De l’étudiant brillant au révolutionnaire marxiste

Le jeune Alexandre Malinovski est issu d’une famille de petits fonctionnaires d’origine biélorusse. Son père est professeur de physique au lycée de Toula. Précoce, il y fréquente très jeune la bibliothèque et les laboratoires de l’établissement avant d’y être intégré comme boursier. Lycéen, il fait preuve d’indéniables dons intellectuels, mais accepte mal l’organisation militaire du lieu. Elle le poussera très tôt, selon lui, à refuser toute autorité et à embrasser sans hésitation le credo révolutionnaire.

Sous l’influence de son frère aîné, Malinovski s’inscrit en 1891 à la faculté des sciences de Moscou, mais son parcours s’interrompt brutalement trois ans plus tard lorsque la police tsariste l’arrête au titre de sa participation à une société étudiante non autorisée. Il retourne à Toula, date à laquelle, peu intéressé par un populisme alors en perte de vitesse dans les milieux intellectuels russes, il rejoint les rangs du parti social-démocrate d’inspiration marxiste.

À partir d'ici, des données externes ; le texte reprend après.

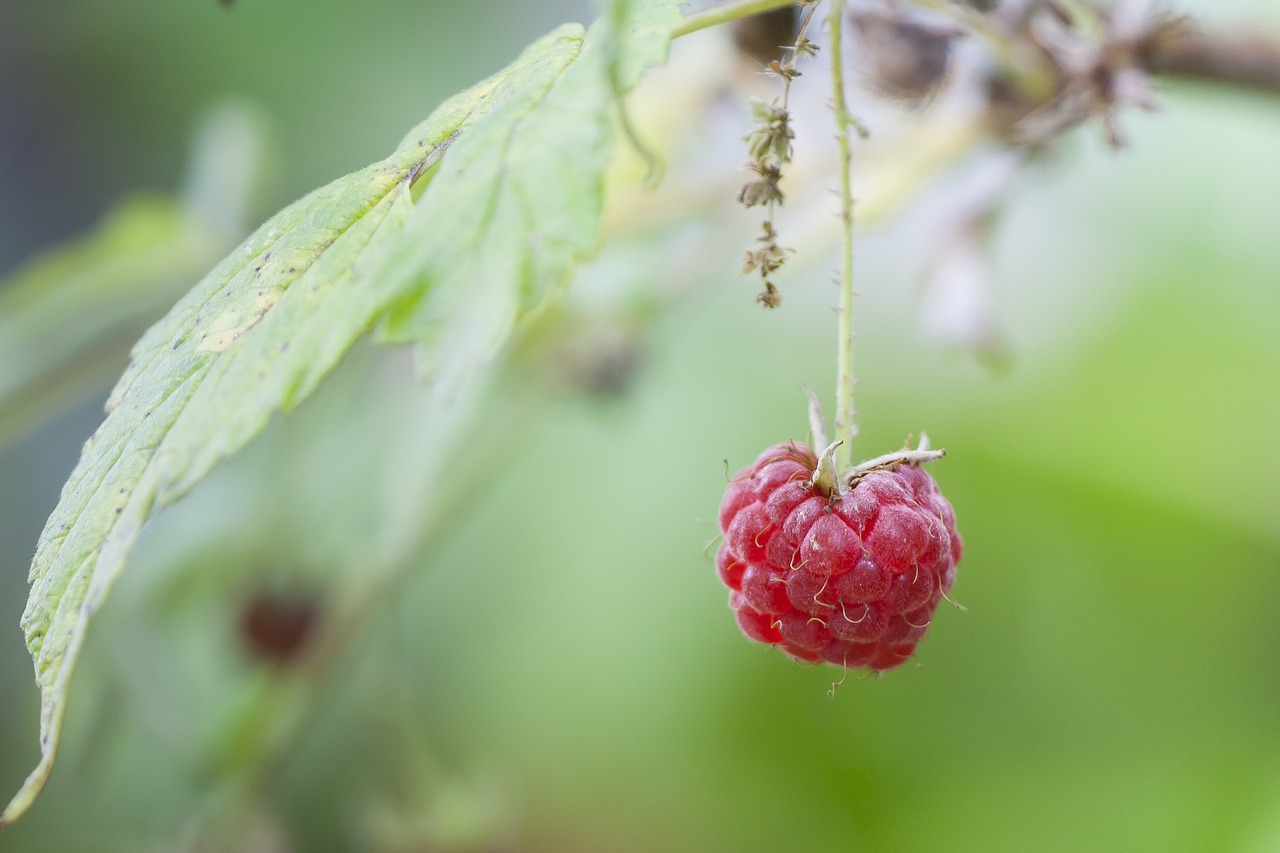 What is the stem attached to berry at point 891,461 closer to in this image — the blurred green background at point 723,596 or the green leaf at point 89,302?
the blurred green background at point 723,596

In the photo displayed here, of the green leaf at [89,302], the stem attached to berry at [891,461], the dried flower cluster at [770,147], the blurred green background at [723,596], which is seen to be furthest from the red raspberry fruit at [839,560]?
the green leaf at [89,302]

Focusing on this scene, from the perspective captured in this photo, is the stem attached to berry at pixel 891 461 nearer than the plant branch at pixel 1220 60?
Yes

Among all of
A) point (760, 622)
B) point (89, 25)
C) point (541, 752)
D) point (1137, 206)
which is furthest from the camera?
point (89, 25)

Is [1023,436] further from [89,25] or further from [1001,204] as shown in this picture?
[89,25]

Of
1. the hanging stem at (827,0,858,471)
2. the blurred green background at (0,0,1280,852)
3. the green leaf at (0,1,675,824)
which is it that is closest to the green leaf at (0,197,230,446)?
the blurred green background at (0,0,1280,852)

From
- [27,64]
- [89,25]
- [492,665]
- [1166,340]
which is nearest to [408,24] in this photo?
[89,25] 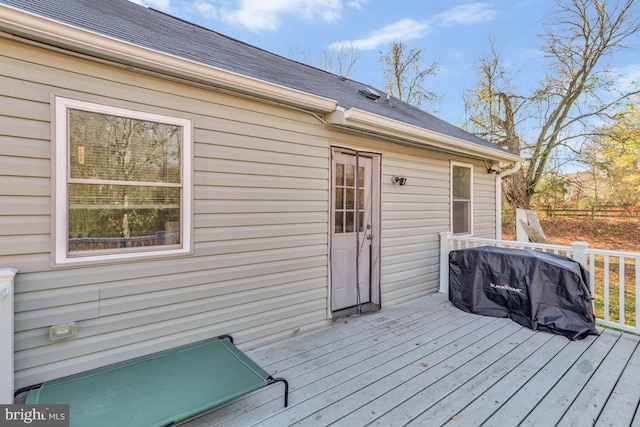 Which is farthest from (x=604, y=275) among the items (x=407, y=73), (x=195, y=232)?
(x=407, y=73)

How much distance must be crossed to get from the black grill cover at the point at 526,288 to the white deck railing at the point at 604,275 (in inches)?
12.3

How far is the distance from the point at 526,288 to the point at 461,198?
91.0 inches

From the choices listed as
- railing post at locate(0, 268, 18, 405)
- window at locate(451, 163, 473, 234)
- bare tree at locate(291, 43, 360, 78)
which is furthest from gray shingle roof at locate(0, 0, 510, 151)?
bare tree at locate(291, 43, 360, 78)

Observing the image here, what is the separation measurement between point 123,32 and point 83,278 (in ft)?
6.27

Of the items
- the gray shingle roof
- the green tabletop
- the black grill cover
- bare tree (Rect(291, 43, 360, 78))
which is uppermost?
bare tree (Rect(291, 43, 360, 78))

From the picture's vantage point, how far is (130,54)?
2152 mm

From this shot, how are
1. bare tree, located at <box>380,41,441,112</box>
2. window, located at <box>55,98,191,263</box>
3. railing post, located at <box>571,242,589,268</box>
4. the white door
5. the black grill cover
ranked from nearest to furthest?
window, located at <box>55,98,191,263</box>, the black grill cover, railing post, located at <box>571,242,589,268</box>, the white door, bare tree, located at <box>380,41,441,112</box>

L’année suivante, Malinovski s’inscrit à la faculté de médecine de Kharkov. Il mène en parallèle de ses études des actions de propagande auprès des ouvriers. Il rédige alors – fruit de ses conférences auprès des classes laborieuses – un Cours d’économie politique, publié en 1897, dont Lénine vantera les mérites, indiquant que ce livre est une « remarquable expression de notre littérature économique » [1]. Au delà des questions économiques, il s’intéresse aussi, et de plus en plus, à la philosophie. Il publie en 1899 les Eléments fondamentaux d’une conception historique de la nature, ouvrage d’inspiration nietzschéenne qui s’oppose aux idées défendues alors un POSDR largement influencé par la logique kantienne.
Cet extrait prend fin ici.